Pictures with short captions:
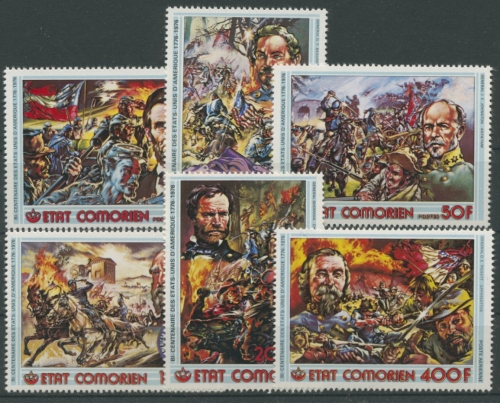 Komoren 1976 200 Jahre Unabhängigkeit der USA 316/21 A postfrisch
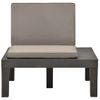 Tumbona De Jardín | Silla | Sillón Exterior De Jardin Con Cojín Plástico Gris Antracita Cfw470112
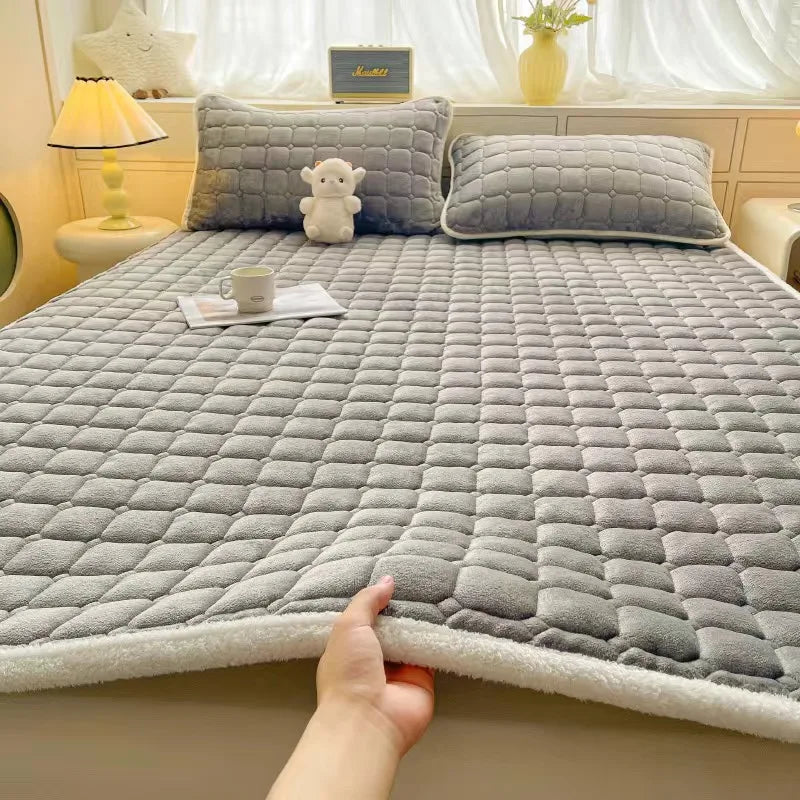 surmatelas en velours chaud épais pour un confort optimal - vue 6 sur 15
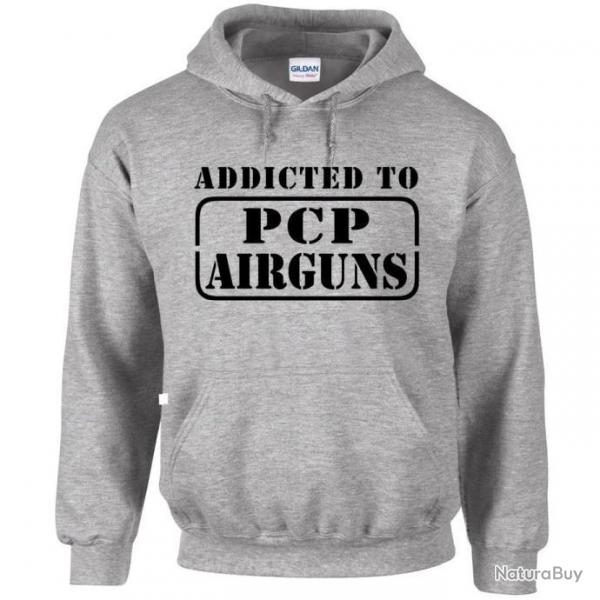 Sweat  capuche ADDICTED TO AIRGUNS - carabine air comprim Pellet Diabolos Hatsan FX Cometa Crosman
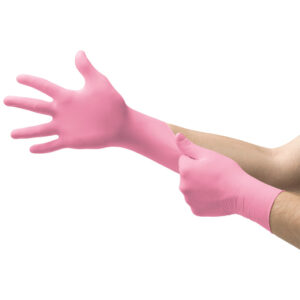 ANSELL PINK MICROFLEX COLORTOUCH 5.9 MIL NATURAL RUBBER LATEX DISPOSABLE GLOVES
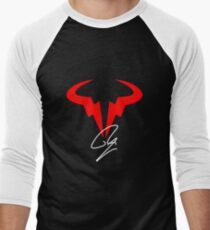 Rafael Nadal Tennis Player Logo Men's Baseball ¾ T-Shirt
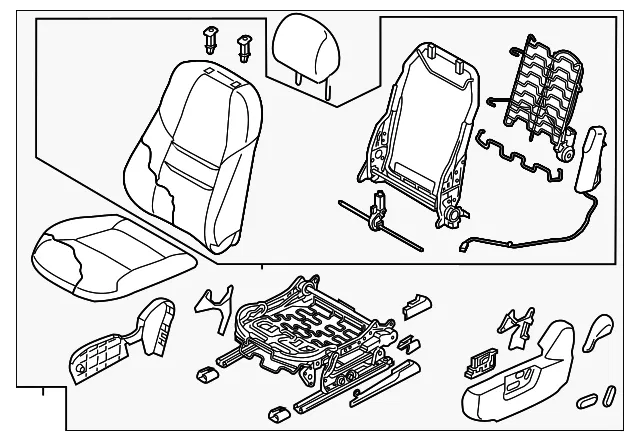 Seat Assembly - Mazda (tn415715002)
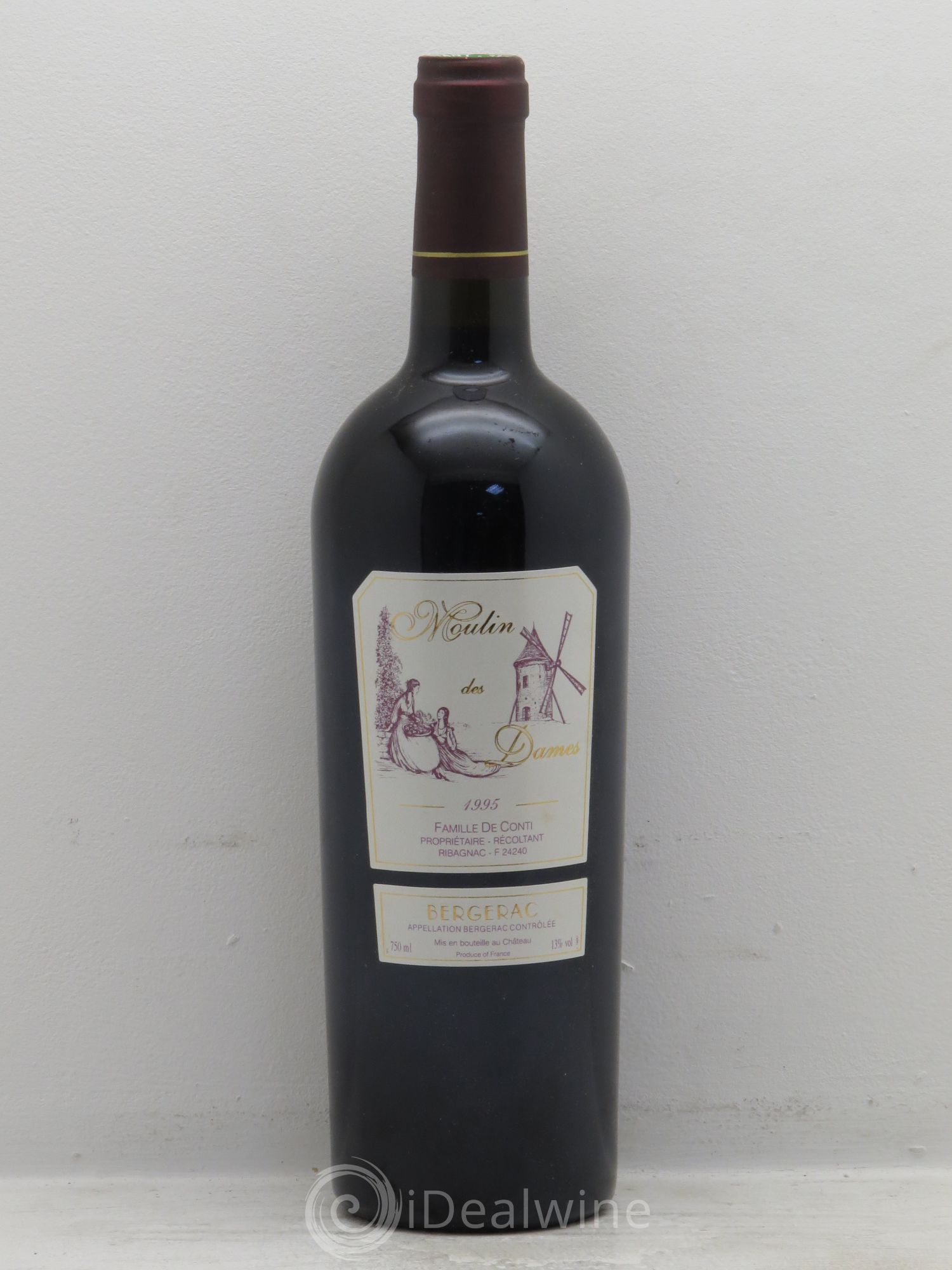 Bergerac Moulin des Dames Famille de Conti 1995 - Posten von 1 Flasche - 0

Problem details: All lines from the beginning of the entries above to the line containing "FX Cometa Crosman", inclusive, should be printed exactly, apart from the pictures.

Answer section:
 Komoren 1976 200 Jahre Unabhängigkeit der USA 316/21 A postfrisch
 Tumbona De Jardín | Silla | Sillón Exterior De Jardin Con Cojín Plástico Gris Antracita Cfw470112
 surmatelas en velours chaud épais pour un confort optimal - vue 6 sur 15
 Sweat  capuche ADDICTED TO AIRGUNS - carabine air comprim Pellet Diabolos Hatsan FX Cometa Crosman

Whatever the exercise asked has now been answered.